Soft bounces aren’t that bad, but hard bounces can degrade your email deliverability or do serious damage to your sender’s reputation.

Email bounce rate

The email bounce rate is the percentage of email addresses in an email list that did not receive the message.

Unlike other email marketing metrics, such as opens and clicks, where a high rate means good, a high email bounce rate is bad.

The acceptable email bounce rate depends on the industry. Generally, it shouldn’t be higher than 2%. Anything higher than that requires you to find the cause to reduce the number. Here are some best email marketing practices to help you handle email bounce rate problems.

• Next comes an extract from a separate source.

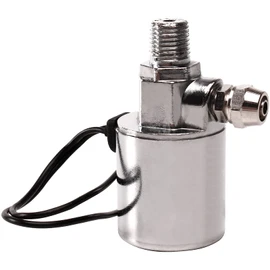 FARBIN Válvula solenoide de bocina de aire de 1/4 pulgadas NPT 12V/24V universalmente eléctrica (solenoide) para bocina de aire de tren, carcasa de metal chapado en cromo (válvula solenoide, 12V/24V)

A few averages for soft and hard email bounce rates across different industries are as follows:

  • Agriculture and Food Services: soft bounce (0.50%), hard bounce (0.32%)
  • Architecture and Construction: soft bounce (1.18%), hard bounce (0.73%)
  • Beauty and Personal Care: soft bounce (0.33%), hard bounce (0.26%)
  • Business and Finance: soft bounce (0.55%), hard bounce (0.43%)
  • Computers and Electronics: soft bounce (0.79%), hard bounce (0.47%)
  • E-Commerce: soft bounce (0.26%), hard bounce (0.19%)

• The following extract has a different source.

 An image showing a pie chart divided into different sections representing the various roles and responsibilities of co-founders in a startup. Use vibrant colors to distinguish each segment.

How is Email Bounce Rate Calculated?

Email bounce rate = (# of bounces/ # of delivered emails) x 100

So, let’s say you send a newsletter to your 1,000 subscribers and 10 of those bounce back. Here’s how you compute your bounce rate: (10 / 1,000) x 100 = 0.01 x 100 = 1%

Pretty simple. Right?

Now that you know how the email bounce rate is calculated, let’s look at the 10 common reasons your emails might bounce.

10 Reasons Why Emails Bounce Back

1. Invalid Email Address

One of the common reasons why emails bounce back is because the supposed recipient’s email address is invalid or has already expired. In this case, the service provider is forced to bounce back the emails because of these conditions.

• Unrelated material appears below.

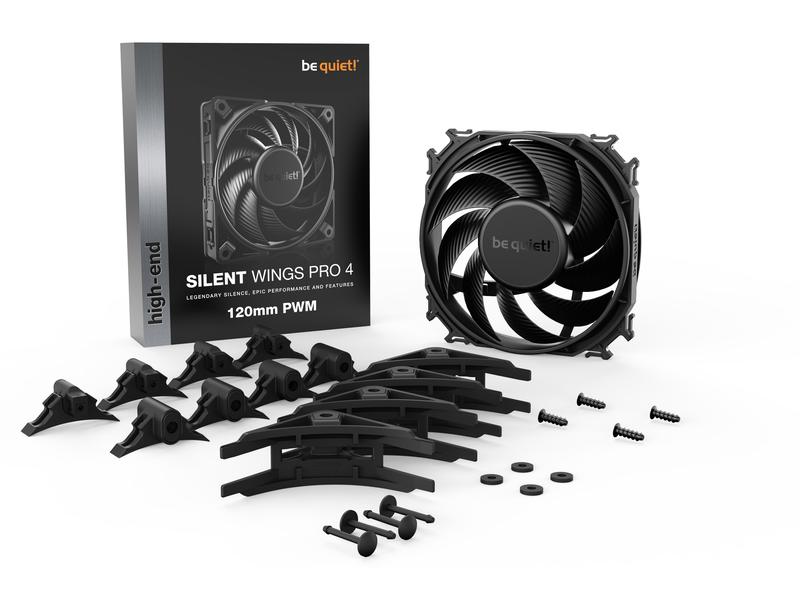 be quiet! PC-Lüfter Silent Wings PRO 4 120 mm PWM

These issues often arise when you use an old email list, buy an email list, or use unverified emails. These also happen when you make typographical mistakes when entering the email address.

More specifically, the email bounce-back code you’ll likely receive when encountering this issue is “550” or “550-5.1.1”. Simply put, the email address does not exist. Hence, there’s no way to deliver the email.

2. Recipient’s Inbox is Full

Another reason email bounces is that the receiver’s inbox is full. Several email apps only provide a defined storage capacity for individual users. For instance, every Google Account is given 15 GB of storage shared across Gmail, Google Photos, and Google Drive.

Outlook offers the same storage capacity as Google, while Yahoo offers up to 1TB storage for its users. Other email service providers may offer free unlimited or large storage capacity, but the maximum number of emails sent or received per day is limited.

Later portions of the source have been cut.